Case Type:
Case Status:
BAP No. NC-21-1083-BFS (9th Circuit, Oct 27,2021) Not Published
When considering a motion to reopen a case, a bankruptcy court should ordinarily not address the merit of any disputes underlying the motion, but may decline to reopen where the undisputed facts show that reopening would be a pointless exercise. Also, after a chapter 7 case is closed, the debtor has standing to file an amendment to a tax return filed by the chapter 7 trustee.
Procedural context:
Appeal of order denying motion of debtor's principal to reopen chapter 7 case to compel the trustee to file an amended tax return and challenge the award of professional fees previously awarded.
When the case was open, the trustee obtained an order authorizing her to file tax returns identifying Peter Chernik as the debtor's sole member. The Court overruled Chernik's objections to the tax return. Chernik did not appeal. Chernik then objected to to the final fee requests of the trustee and her counsel, which objections were overruled. Chernik did not appeal. After the case was closed, Chernik filed a motion to reopen to compel the trustee to file an amended tax return and to again challenge the fee awards.
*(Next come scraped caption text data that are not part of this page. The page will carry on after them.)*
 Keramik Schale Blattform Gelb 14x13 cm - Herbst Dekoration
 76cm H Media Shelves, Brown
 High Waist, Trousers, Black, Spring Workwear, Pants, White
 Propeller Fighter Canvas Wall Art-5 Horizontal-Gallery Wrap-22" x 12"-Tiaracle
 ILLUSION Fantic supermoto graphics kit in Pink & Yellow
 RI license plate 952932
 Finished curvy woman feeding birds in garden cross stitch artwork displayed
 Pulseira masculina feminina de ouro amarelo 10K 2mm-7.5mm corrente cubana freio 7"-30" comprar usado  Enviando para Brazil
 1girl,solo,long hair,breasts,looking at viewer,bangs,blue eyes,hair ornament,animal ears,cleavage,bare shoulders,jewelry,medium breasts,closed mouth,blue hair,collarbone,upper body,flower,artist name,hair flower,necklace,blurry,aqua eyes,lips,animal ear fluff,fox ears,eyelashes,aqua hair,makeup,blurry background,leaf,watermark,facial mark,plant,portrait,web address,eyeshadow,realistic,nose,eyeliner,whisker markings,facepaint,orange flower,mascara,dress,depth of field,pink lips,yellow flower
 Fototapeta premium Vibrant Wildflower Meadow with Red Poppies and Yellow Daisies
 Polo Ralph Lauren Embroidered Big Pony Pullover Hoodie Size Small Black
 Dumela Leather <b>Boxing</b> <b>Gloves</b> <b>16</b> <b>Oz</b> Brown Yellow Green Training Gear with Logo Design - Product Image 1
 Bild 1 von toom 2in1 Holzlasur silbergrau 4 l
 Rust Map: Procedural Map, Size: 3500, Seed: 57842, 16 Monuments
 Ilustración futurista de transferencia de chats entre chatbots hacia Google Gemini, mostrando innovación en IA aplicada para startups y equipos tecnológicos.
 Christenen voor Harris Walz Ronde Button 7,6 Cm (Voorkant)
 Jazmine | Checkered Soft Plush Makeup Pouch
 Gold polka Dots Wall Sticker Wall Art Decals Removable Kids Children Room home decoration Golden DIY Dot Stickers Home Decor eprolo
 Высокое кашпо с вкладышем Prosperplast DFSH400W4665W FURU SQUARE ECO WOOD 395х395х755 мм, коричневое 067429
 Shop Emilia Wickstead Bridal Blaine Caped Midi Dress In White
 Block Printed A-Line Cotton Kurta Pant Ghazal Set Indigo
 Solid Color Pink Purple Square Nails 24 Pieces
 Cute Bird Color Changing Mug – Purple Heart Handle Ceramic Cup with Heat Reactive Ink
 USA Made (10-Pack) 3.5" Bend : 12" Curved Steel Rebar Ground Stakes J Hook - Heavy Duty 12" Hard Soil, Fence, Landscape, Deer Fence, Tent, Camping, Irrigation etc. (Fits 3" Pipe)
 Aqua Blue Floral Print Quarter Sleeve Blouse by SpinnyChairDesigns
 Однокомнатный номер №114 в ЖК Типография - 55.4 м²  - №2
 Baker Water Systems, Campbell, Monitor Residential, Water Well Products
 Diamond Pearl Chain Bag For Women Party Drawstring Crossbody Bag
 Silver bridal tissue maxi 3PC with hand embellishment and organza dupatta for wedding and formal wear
The Bankruptcy Court denied the motion, holding that reopening would be a pointless exercise. On appeal, the BAP agreed, holding that while ordinarily the underlying disputes should not be considered in ruling on a motion to reopen, the Bankruptcy Court can deny the motion if the underlying facts are undisputed and reopening would be a pointless exercise. The BAP also rejected Chernik's argument that he did not have authority to file amended tax returns, noting that authority to file was revested in the debtor and Chernik when the case was closed.